### Information provided:
++++++++++
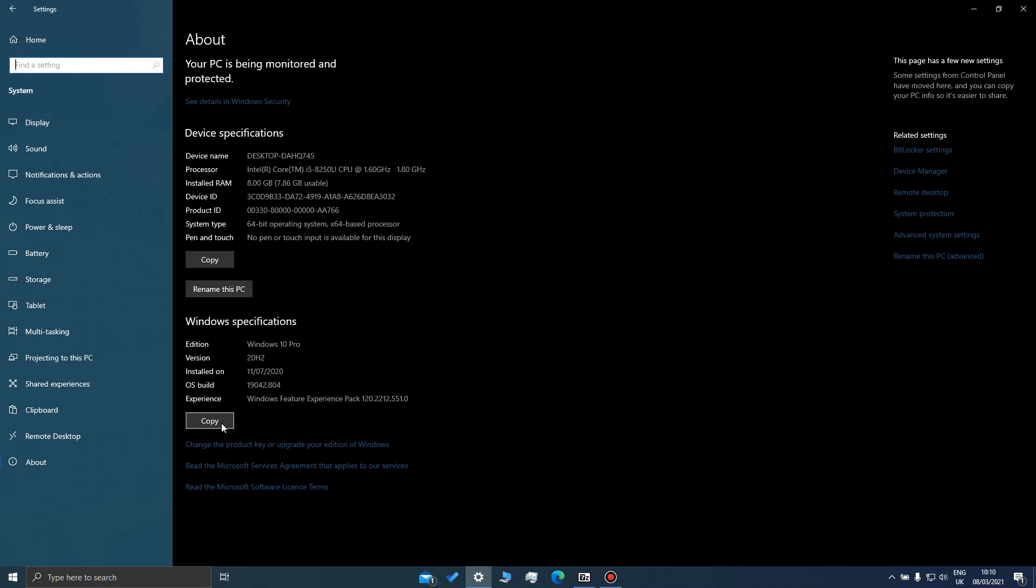That's just an easy quick check to find out what Windows version you've got installed at the moment and whether you need to update. Okay, thank you.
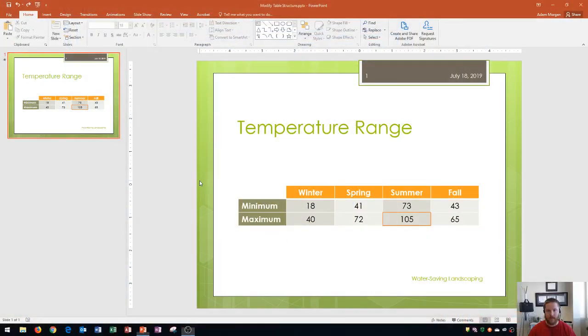So I have a table here that discusses the temperature range and it has each of the seasons right here as well as the minimum and maximum.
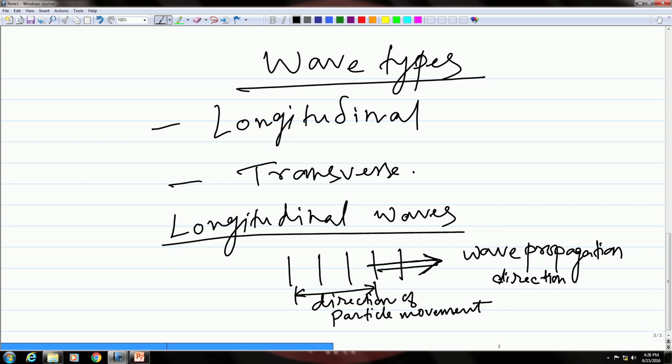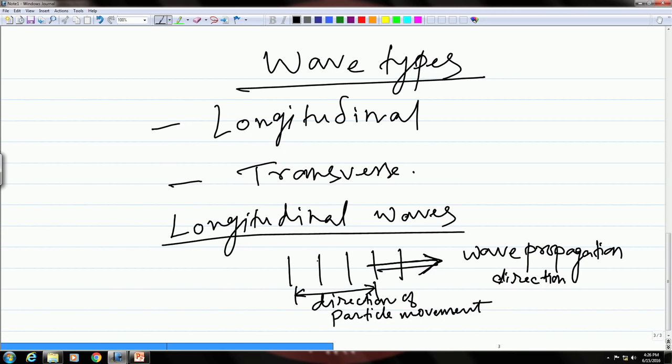That means the movement of these particles will be coordinated in the sense that the first atom can push the second one, the second one can push the third one, and so on, since they are moving in the same direction as the wave. So in this case, the movement of the particles is coordinated and they can help each other in moving when the sound wave is moving through the medium.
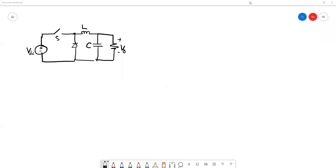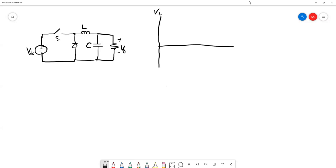Assalamu'alaikum and we meet again. This lesson will be on the analysis of the inductor current I-L. Based on our previous lesson on the buck converter, we can draw the waveform of the voltage across the inductor V-L during turn on and turn off. This is during turn on and this is during the switch turn off.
++++++++++
Take the lines from the one holding "That means the" through the final line of the listing above and copy them exactly, both ends included, with no pictures.

### Expected output:
That means the movement of these particles will be coordinated in the sense that the first atom can push the second one, the second one can push the third one, and so on, since they are moving in the same direction as the wave. So in this case, the movement of the particles is coordinated and they can help each other in moving when the sound wave is moving through the medium.
Assalamu'alaikum and we meet again. This lesson will be on the analysis of the inductor current I-L. Based on our previous lesson on the buck converter, we can draw the waveform of the voltage across the inductor V-L during turn on and turn off. This is during turn on and this is during the switch turn off.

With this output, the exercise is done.